Since then I've seen a bunch of doctors about other medical conditions, and most of them had no idea what Chiari is. Explaining your medical condition to people who've studied medicine can be very entertaining, depending on the situation.
(Explanation of Chiari below the cut for anyone curious.)
If you've ever seen a human skull (thanks Hamlet!) you'll know there's a hole at the base of it, towards the back - the foramen magnum - which is how the spinal cord connects to the brain.
Many of you will have heard of the cerebellum - a part of the brain, located in the lower rear region. The base of the cerebellum is known as the cerebellar tonsils, and when they descend into the foramen magnum, that's Chiari Malformation, sometimes known as Arnold-Chiari Malformation.

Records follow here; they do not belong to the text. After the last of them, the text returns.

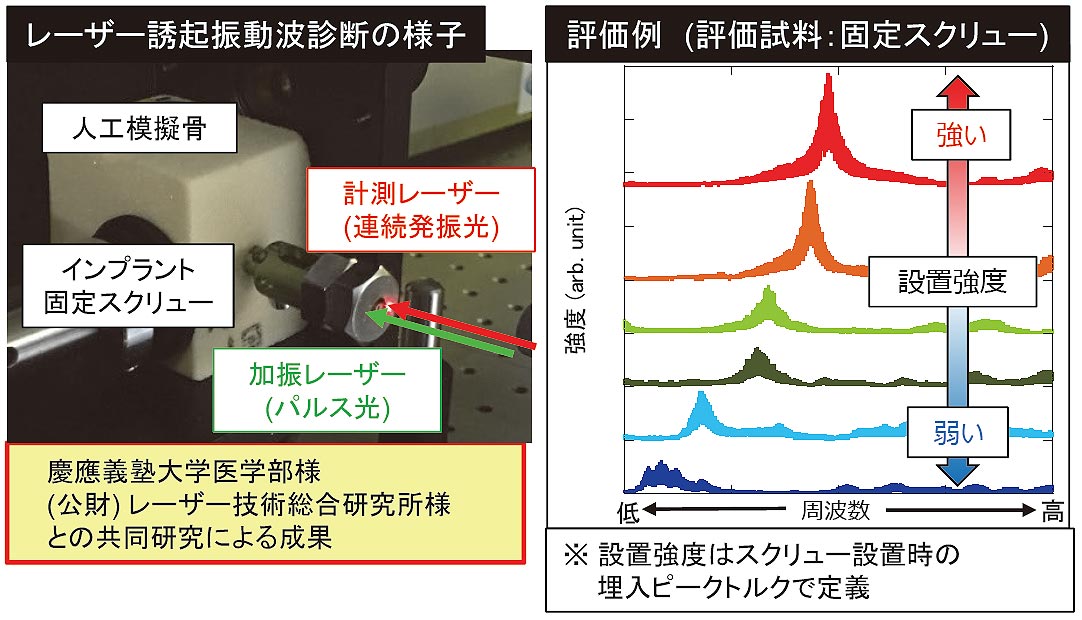 レーザー誘起振動波診断を用いたインプラント設置強度の定量評価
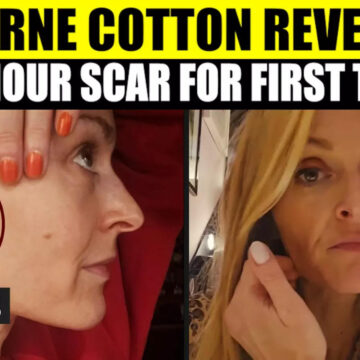 Fearne Cotton Braves Health Battle, Reveals Scar On Face For First Time Post Tumor Surgery | WATCH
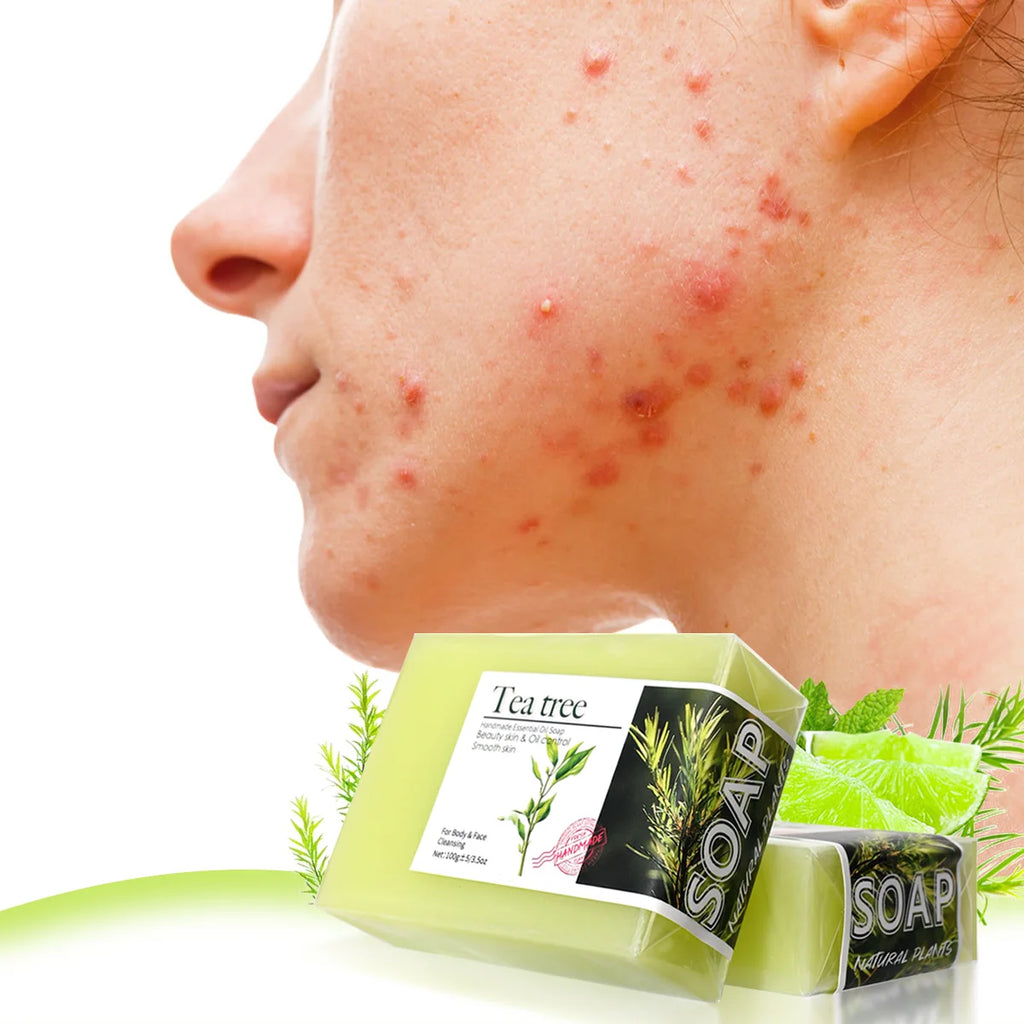 100g Tea Tree Essential Oil Soap Handmade Olive Oil Soap Plant Essential Oils Whitening Basic Cleaning Features Chemical Free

There are three main subtypes, depending on the severity, with 1 being the least severe and 3 being the worst of the trio. A descent of 5mm is type 1, and can cause symptoms.
Some people with Chiari Malformation never develop any symptoms, so don't even know they have it unless they have an MRI of their brain for some other reason. Others develop symptoms from the Chiari alone, or develop either Hydrocephalus or Syringomyelia in addition, and some extraordinarily unlucky folks develop both.
Hydrocephalus is a build up of cerebrospinal fluid (CSF) in the ventricles (cavities) of the brain, while Syringomyelia is a cyst in the spinal cord. Both can be caused by the flow of CSF being disrupted by Chiari Malformation, and Hydrocephalus can sometimes cause Chiari. (Bodies are weird like that.)
My work colleague developed Syringomyelia, so she had the most common Chiari treatment - a decompression surgery, which removes a small section of the skull, with a special protective mesh inserted in its place, to give the brain more space.
I developed Hydrocephalus - my ventricles were very enlarged, and pushing the white and grey matter of my brain hard against my skull, causing agonising headaches 24/7. This being the case, I had a different surgery - a shunt was inserted to divert excess CSF, allowing my ventricles to return to a more normal size, and taking the pressure off my brain. As of my most recent MRI, my Chiari is now reduced as well.
(Apologies to @thebibliosphere that got away from me a bit.)
Sometimes I’ll read back a post where I’m casually explaining a really complex medical issue that most doctors struggle to grasp unless they’ve spent decades specializing in it, and then remember.
I have a liberal arts degree.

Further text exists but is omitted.